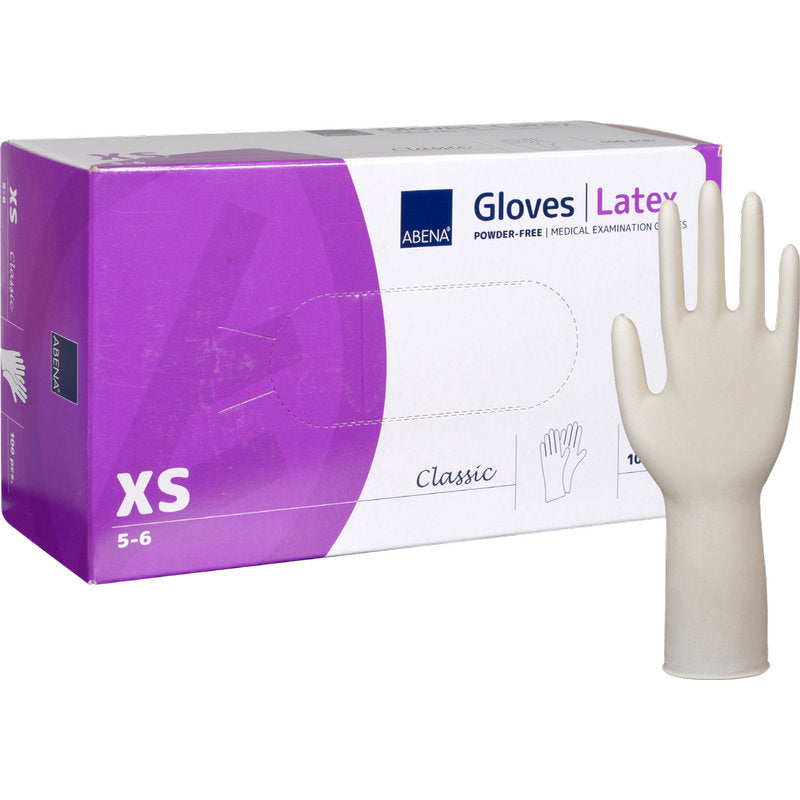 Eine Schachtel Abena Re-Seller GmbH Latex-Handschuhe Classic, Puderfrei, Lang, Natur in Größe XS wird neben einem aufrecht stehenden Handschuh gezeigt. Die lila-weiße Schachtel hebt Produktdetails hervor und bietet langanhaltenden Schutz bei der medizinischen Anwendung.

--

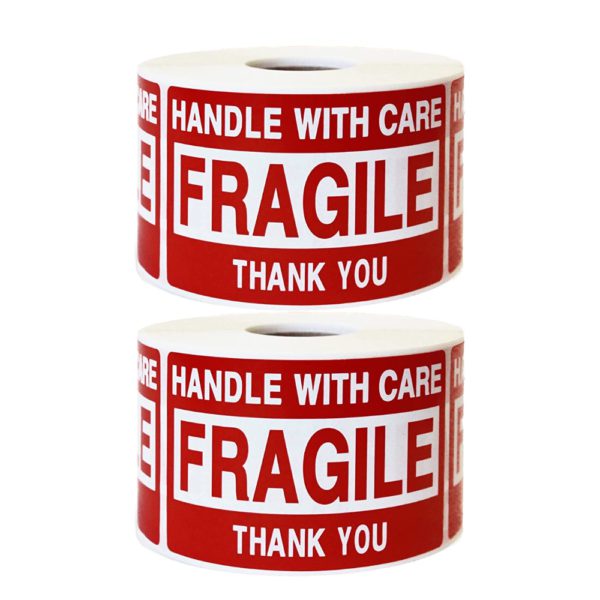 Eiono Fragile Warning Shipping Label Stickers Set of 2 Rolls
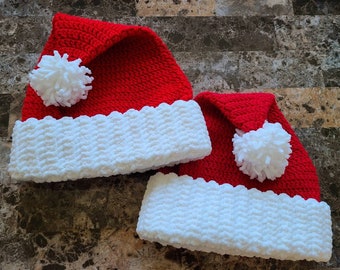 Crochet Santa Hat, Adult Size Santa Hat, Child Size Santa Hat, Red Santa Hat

--

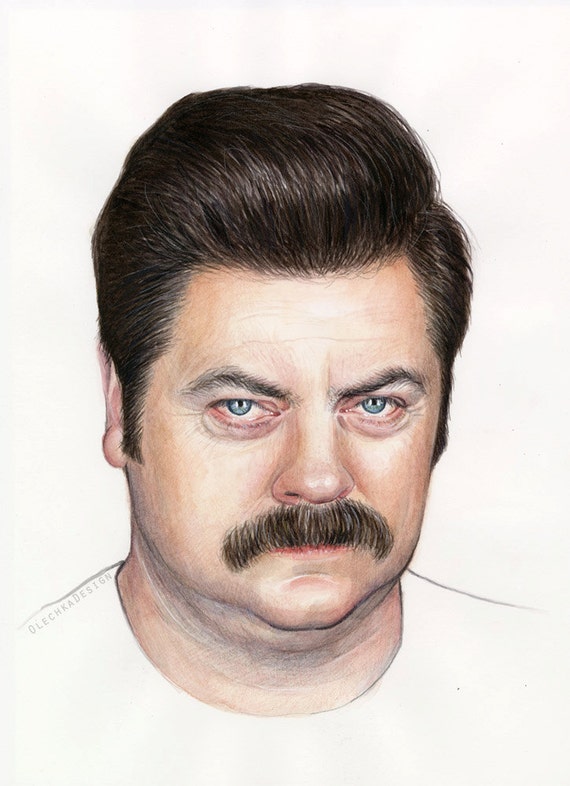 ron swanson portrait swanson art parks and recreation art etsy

- _Task prompt_: The answer is the lines of the material above, from the one containing "Eiono Fragile Warning" down to the one containing "Crochet Santa Hat, Adult", given exactly and without images.

- _Output_:
 Eiono Fragile Warning Shipping Label Stickers Set of 2 Rolls
 Crochet Santa Hat, Adult Size Santa Hat, Child Size Santa Hat, Red Santa Hat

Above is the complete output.